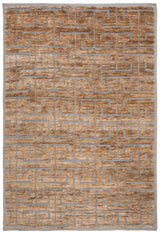 Safavieh Tangier 6'-0" x 9'-0" Rug in Grey / Beige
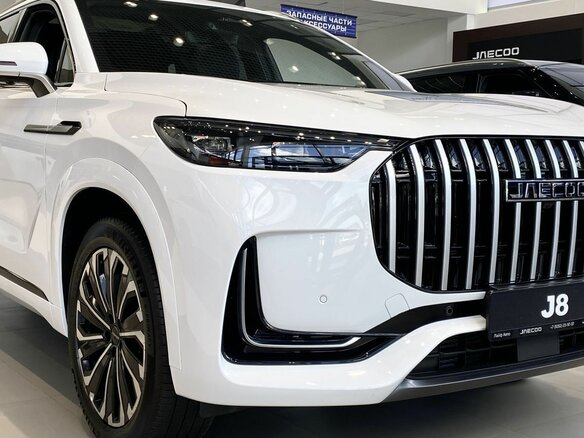 2026 Jaecoo J8, белый, 4645000 рублей - вид 9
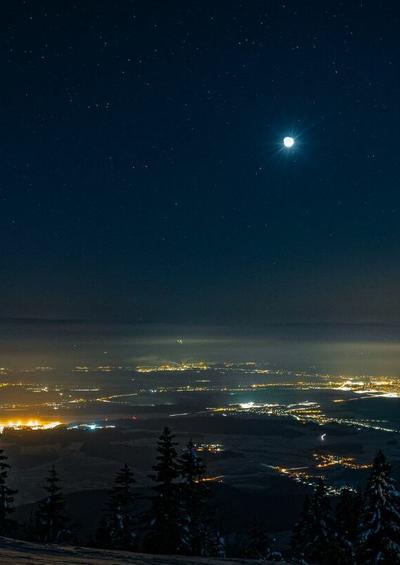 Light pollution Light pollution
════════
__Problem requirements__
The answer is the listing above restated word for word, pictures removed.

__Solved problem__
 Safavieh Tangier 6'-0" x 9'-0" Rug in Grey / Beige
 2026 Jaecoo J8, белый, 4645000 рублей - вид 9
 Light pollution Light pollution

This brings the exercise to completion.